Yesterday the Supreme Court of the United States, in a 5-4 decision struck down gay marriage bans in 14 states effectively making it legal for gay and lesbian couples to finally marry throughout the nation. The announcement sent ripples of rainbow-colored hope throughout the country and on social media. The hashtag #LoveWins quickly spread through Twitter and Facebook and people started updating their online avatars with the bright colors of the gay pride movement in a show of solidarity that I won’t soon forget.
I created the fun image above to help celebrate the historic announcement. Star Trek has always meant so very much to me, and like millions of others who grew up enjoying its themes of peace, diversity and tolerance, the image of proud, honorable Worf standing with his brightly colored rainbow uniform just seemed perfectly appropriate. I also love a good pun and hence I made it sew (see what I did there?).
On a more serious note, the momentous events of this week still have me in a hope-filled, optimistic daze. Obamacare being upheld for some 6 million Americans who rely on it for health insurance was much welcomed news but then the Supreme Court finally recognizing gay people’s right to marry was the proverbial icing on the cake. This has been a long, long time coming and there are some who didn’t think it would happen in their lifetime.

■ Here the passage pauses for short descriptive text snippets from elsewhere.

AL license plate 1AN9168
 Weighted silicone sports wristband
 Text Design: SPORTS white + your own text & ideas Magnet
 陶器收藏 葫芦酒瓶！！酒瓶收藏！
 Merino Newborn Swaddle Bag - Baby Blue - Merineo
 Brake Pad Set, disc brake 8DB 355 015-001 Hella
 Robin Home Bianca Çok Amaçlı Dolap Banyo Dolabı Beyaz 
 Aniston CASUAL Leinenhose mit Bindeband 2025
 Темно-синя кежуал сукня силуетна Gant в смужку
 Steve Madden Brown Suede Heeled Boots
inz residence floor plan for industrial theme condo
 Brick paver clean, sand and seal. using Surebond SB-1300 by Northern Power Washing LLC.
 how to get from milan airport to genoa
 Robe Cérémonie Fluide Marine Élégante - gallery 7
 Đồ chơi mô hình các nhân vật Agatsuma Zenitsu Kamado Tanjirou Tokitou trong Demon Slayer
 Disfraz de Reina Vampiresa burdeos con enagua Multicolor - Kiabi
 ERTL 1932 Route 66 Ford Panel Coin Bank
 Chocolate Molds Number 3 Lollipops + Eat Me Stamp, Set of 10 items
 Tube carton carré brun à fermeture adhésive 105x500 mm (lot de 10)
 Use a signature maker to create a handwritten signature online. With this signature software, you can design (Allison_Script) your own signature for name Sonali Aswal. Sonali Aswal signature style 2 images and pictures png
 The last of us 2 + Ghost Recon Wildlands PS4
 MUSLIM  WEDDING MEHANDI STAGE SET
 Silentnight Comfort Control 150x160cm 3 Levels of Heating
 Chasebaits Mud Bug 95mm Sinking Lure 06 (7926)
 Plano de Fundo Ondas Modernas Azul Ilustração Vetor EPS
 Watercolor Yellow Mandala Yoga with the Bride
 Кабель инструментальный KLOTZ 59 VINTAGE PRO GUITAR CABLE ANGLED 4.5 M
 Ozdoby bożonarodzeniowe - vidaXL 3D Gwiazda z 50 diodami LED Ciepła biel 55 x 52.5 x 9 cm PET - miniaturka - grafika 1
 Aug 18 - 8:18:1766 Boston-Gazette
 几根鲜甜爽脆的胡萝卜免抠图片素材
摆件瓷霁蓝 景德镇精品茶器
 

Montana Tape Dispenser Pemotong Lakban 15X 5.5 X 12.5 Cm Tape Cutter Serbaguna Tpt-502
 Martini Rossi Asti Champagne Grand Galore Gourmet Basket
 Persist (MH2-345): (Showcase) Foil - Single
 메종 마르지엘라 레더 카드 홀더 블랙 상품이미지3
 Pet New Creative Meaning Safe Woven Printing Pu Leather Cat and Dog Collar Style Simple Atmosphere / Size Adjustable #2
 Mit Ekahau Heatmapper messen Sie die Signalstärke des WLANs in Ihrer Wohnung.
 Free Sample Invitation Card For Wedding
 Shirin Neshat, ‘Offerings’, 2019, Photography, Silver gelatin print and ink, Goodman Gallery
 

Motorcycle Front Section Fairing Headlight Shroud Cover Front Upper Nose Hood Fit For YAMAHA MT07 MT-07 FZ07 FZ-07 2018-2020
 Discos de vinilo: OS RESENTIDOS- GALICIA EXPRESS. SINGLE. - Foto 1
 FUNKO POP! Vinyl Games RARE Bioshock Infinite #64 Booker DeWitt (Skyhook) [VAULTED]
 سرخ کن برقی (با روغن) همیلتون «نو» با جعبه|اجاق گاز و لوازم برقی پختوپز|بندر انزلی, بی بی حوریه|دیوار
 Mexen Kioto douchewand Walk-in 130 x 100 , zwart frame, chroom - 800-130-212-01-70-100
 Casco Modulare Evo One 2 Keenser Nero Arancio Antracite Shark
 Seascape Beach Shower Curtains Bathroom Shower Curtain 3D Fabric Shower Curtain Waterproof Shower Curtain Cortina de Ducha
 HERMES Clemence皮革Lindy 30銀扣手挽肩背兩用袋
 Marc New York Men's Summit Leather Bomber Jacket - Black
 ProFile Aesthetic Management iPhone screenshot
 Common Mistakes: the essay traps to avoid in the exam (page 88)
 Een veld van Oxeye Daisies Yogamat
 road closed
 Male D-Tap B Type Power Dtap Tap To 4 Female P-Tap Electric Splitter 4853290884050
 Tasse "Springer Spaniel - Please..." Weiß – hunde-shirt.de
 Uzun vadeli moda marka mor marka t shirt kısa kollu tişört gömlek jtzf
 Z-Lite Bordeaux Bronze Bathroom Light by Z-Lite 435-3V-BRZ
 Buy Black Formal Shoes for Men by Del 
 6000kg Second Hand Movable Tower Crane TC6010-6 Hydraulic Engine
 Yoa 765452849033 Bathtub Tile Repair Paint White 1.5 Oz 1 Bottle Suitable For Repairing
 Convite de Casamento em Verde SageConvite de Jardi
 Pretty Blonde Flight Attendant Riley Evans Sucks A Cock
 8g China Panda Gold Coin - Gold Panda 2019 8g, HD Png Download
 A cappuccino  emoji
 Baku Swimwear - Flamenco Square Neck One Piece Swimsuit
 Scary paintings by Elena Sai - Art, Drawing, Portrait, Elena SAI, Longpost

For opponents, the SCOTUS decision on gay marriage represents an unlawful power grab that defies the Constitution, but for the majority of the nation and the court, it represents just the opposite. The Equal Protection clause of the 14th Amendment guarantees that all US citizens are to be treated equally from state to state. Justice Kennedy’s closing paragraph stands as a pillar of legal and moral truth that gave me goose bumps when I read it:
“No union is more profound than marriage, for it embodies the highest ideals of love, fidelity, devotion, sacrifice, and family. In forming a marital union, two people become something greater than once they were. As some of the petitioners in these cases demonstrate, marriage embodies a love that may endure even past death. It would misunderstand these men and women to say they disrespect the idea of marriage. Their plea is that they do respect it, respect it so deeply that they seek to find its fulfillment for themselves. Their hope is not to be condemned to live in loneliness, excluded from one of civilization’s oldest institutions. They ask for equal dignity in the eyes of the law. The Constitution grants them that right.”
In their decision, the court didn’t construct a law giving gay people the right to marry, they simply struck down the state laws that were keeping Americans from being treated equally under the Constitution. They re-affirmed gays rights to life, liberty and the pursuit of happiness that the rest of us sometime take for granted. For the religious-minded among us, the court was reminding everyone of the age-old proverb, do unto others as you would have them do unto you. Return kindness with kindness. Respect with respect and love with love. What a wonderful time to be an American. Today is indeed a good day to dye.